- Opening Delimiter -
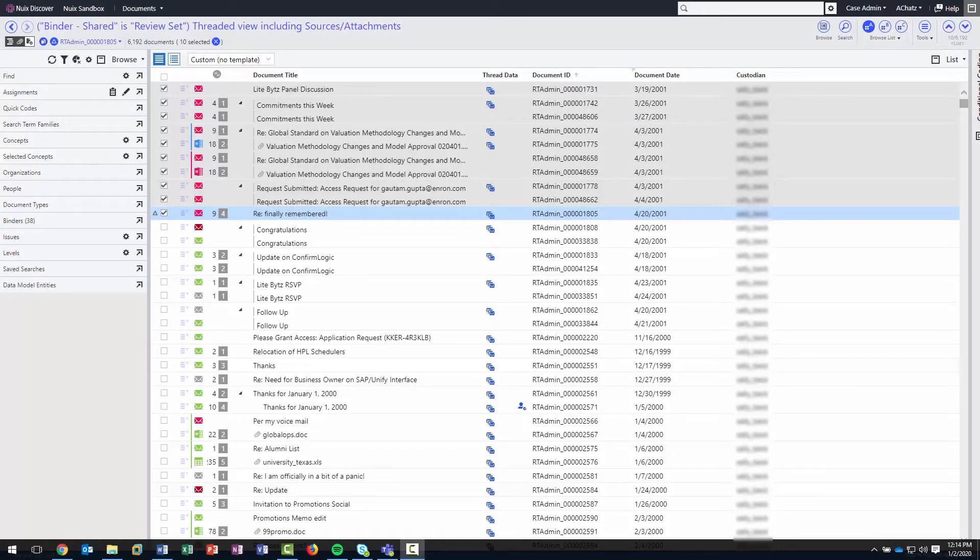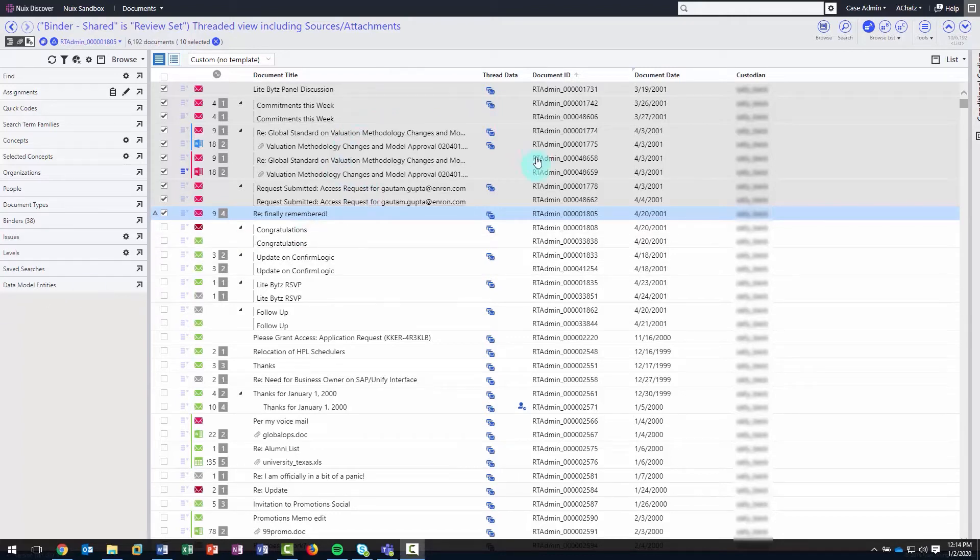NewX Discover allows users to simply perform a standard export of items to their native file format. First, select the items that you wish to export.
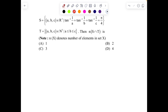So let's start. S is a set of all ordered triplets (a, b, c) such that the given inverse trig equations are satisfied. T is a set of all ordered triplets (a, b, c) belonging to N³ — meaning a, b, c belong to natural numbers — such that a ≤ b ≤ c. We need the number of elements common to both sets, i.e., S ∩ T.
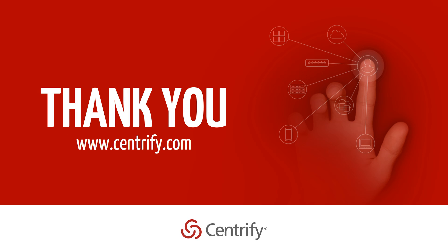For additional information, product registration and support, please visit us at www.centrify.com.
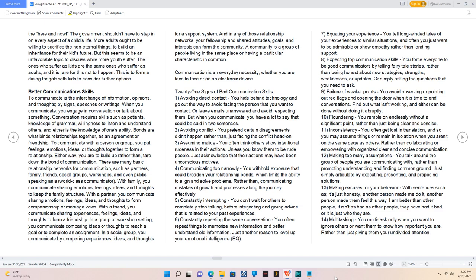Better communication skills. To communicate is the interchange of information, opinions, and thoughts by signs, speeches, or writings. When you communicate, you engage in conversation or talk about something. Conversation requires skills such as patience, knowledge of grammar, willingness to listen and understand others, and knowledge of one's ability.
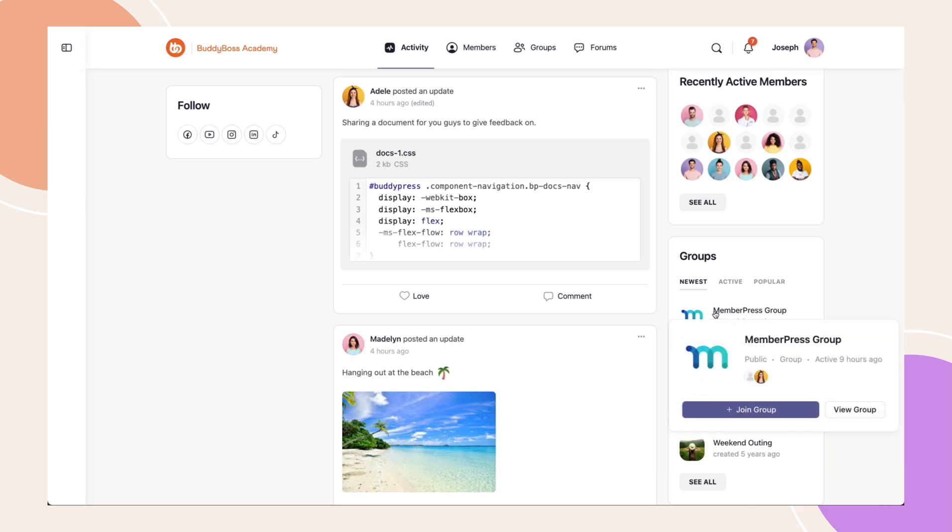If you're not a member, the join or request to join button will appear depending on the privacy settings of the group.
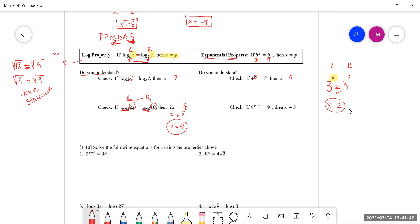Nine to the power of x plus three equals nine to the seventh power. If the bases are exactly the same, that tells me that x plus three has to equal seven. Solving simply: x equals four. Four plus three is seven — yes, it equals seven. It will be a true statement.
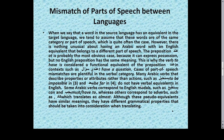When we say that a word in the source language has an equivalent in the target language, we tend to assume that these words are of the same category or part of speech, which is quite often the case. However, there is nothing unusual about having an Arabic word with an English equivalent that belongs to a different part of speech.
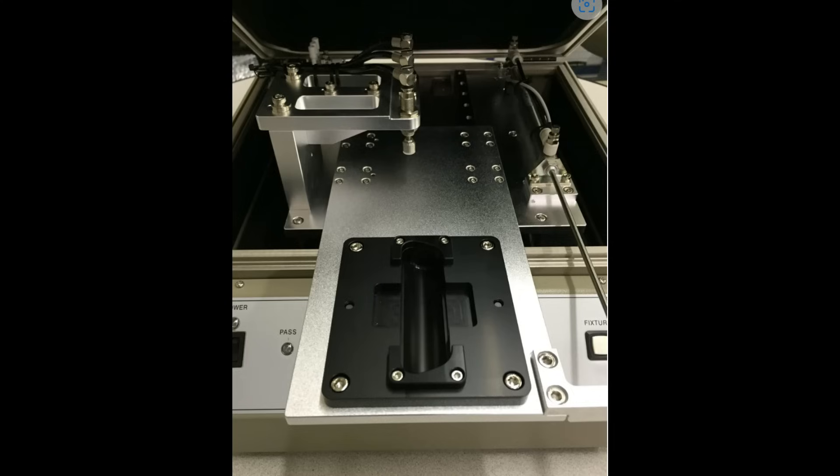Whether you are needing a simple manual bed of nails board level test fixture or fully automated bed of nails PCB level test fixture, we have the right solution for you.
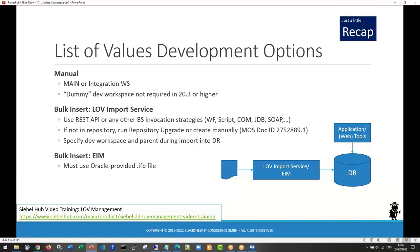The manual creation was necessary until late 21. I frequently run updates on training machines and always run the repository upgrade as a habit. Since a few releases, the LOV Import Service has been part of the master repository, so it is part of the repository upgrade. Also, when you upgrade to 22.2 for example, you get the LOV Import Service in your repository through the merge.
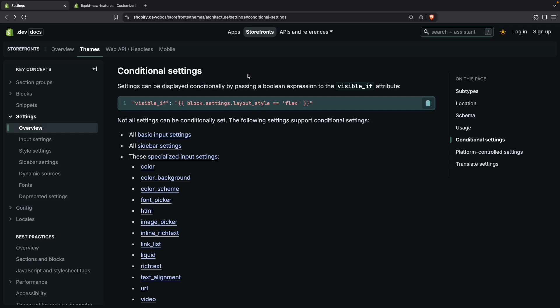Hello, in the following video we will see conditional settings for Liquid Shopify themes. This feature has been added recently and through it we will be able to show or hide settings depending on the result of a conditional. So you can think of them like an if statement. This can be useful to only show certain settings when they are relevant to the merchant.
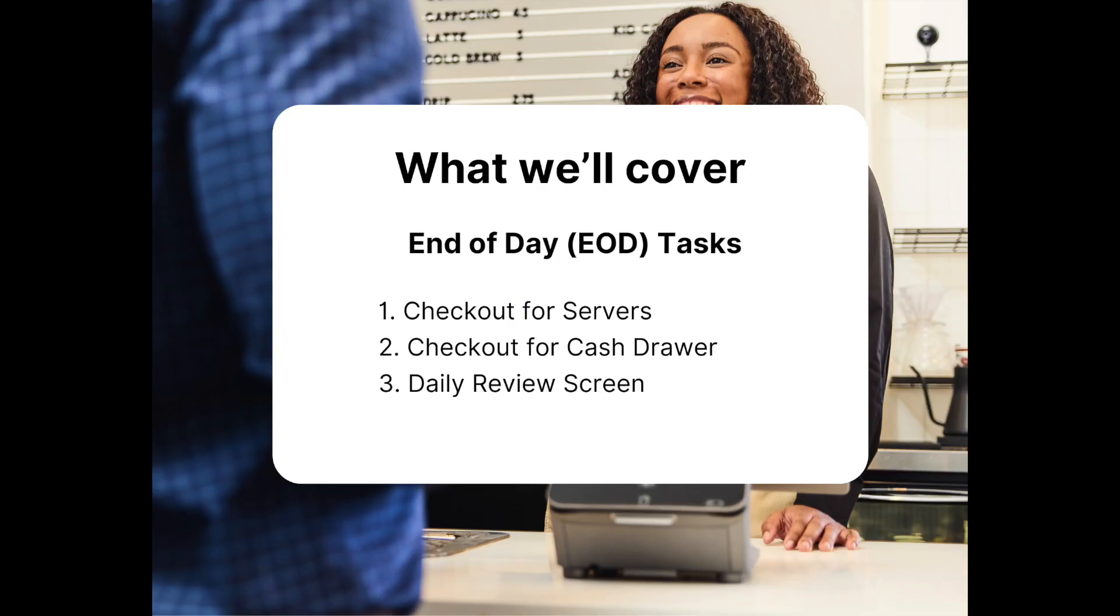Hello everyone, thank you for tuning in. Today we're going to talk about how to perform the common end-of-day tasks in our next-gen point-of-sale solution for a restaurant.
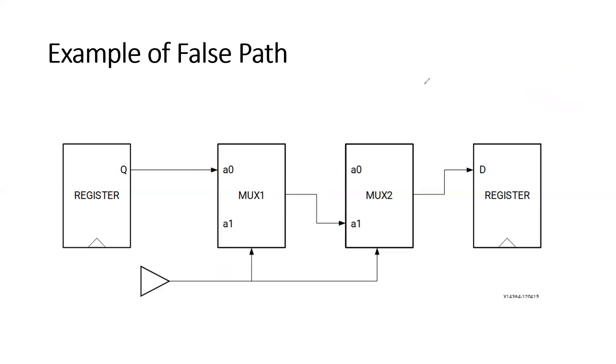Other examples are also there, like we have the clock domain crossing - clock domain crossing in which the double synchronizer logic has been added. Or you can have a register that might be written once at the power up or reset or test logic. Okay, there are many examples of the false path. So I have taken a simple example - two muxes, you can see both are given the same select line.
- Closing Delimiter -
## What is required
Word for word and without any pictures, return all of the lines above.

## Response
NewX Discover allows users to simply perform a standard export of items to their native file format. First, select the items that you wish to export.
So let's start. S is a set of all ordered triplets (a, b, c) such that the given inverse trig equations are satisfied. T is a set of all ordered triplets (a, b, c) belonging to N³ — meaning a, b, c belong to natural numbers — such that a ≤ b ≤ c. We need the number of elements common to both sets, i.e., S ∩ T.
For additional information, product registration and support, please visit us at www.centrify.com.
Better communication skills. To communicate is the interchange of information, opinions, and thoughts by signs, speeches, or writings. When you communicate, you engage in conversation or talk about something. Conversation requires skills such as patience, knowledge of grammar, willingness to listen and understand others, and knowledge of one's ability.
If you're not a member, the join or request to join button will appear depending on the privacy settings of the group.
Nine to the power of x plus three equals nine to the seventh power. If the bases are exactly the same, that tells me that x plus three has to equal seven. Solving simply: x equals four. Four plus three is seven — yes, it equals seven. It will be a true statement.
When we say that a word in the source language has an equivalent in the target language, we tend to assume that these words are of the same category or part of speech, which is quite often the case. However, there is nothing unusual about having an Arabic word with an English equivalent that belongs to a different part of speech.
Whether you are needing a simple manual bed of nails board level test fixture or fully automated bed of nails PCB level test fixture, we have the right solution for you.
The manual creation was necessary until late 21. I frequently run updates on training machines and always run the repository upgrade as a habit. Since a few releases, the LOV Import Service has been part of the master repository, so it is part of the repository upgrade. Also, when you upgrade to 22.2 for example, you get the LOV Import Service in your repository through the merge.
Hello, in the following video we will see conditional settings for Liquid Shopify themes. This feature has been added recently and through it we will be able to show or hide settings depending on the result of a conditional. So you can think of them like an if statement. This can be useful to only show certain settings when they are relevant to the merchant.
Hello everyone, thank you for tuning in. Today we're going to talk about how to perform the common end-of-day tasks in our next-gen point-of-sale solution for a restaurant.
Other examples are also there, like we have the clock domain crossing - clock domain crossing in which the double synchronizer logic has been added. Or you can have a register that might be written once at the power up or reset or test logic. Okay, there are many examples of the false path. So I have taken a simple example - two muxes, you can see both are given the same select line.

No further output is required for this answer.